Work task — Reproduce the following records exactly from the line containing "Modern Latest Home" onward, ending with the last line and including it.

Input data —
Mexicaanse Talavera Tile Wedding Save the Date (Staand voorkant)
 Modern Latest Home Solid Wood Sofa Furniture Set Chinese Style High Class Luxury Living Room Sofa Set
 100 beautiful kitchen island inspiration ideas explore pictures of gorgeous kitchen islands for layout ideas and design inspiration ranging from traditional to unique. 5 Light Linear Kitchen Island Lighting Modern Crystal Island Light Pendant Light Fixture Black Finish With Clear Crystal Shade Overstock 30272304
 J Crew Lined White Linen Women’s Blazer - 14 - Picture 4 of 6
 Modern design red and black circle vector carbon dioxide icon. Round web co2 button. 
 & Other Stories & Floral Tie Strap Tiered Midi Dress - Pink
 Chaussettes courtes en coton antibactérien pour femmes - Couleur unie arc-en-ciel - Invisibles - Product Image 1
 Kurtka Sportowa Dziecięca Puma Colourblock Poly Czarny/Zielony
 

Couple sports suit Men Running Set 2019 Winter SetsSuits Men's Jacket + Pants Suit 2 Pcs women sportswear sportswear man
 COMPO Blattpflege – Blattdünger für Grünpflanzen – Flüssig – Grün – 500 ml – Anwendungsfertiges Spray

Answer to this exercise —
 Modern Latest Home Solid Wood Sofa Furniture Set Chinese Style High Class Luxury Living Room Sofa Set
 100 beautiful kitchen island inspiration ideas explore pictures of gorgeous kitchen islands for layout ideas and design inspiration ranging from traditional to unique. 5 Light Linear Kitchen Island Lighting Modern Crystal Island Light Pendant Light Fixture Black Finish With Clear Crystal Shade Overstock 30272304
 J Crew Lined White Linen Women’s Blazer - 14 - Picture 4 of 6
 Modern design red and black circle vector carbon dioxide icon. Round web co2 button. 
 & Other Stories & Floral Tie Strap Tiered Midi Dress - Pink
 Chaussettes courtes en coton antibactérien pour femmes - Couleur unie arc-en-ciel - Invisibles - Product Image 1
 Kurtka Sportowa Dziecięca Puma Colourblock Poly Czarny/Zielony
 

Couple sports suit Men Running Set 2019 Winter SetsSuits Men's Jacket + Pants Suit 2 Pcs women sportswear sportswear man
 COMPO Blattpflege – Blattdünger für Grünpflanzen – Flüssig – Grün – 500 ml – Anwendungsfertiges Spray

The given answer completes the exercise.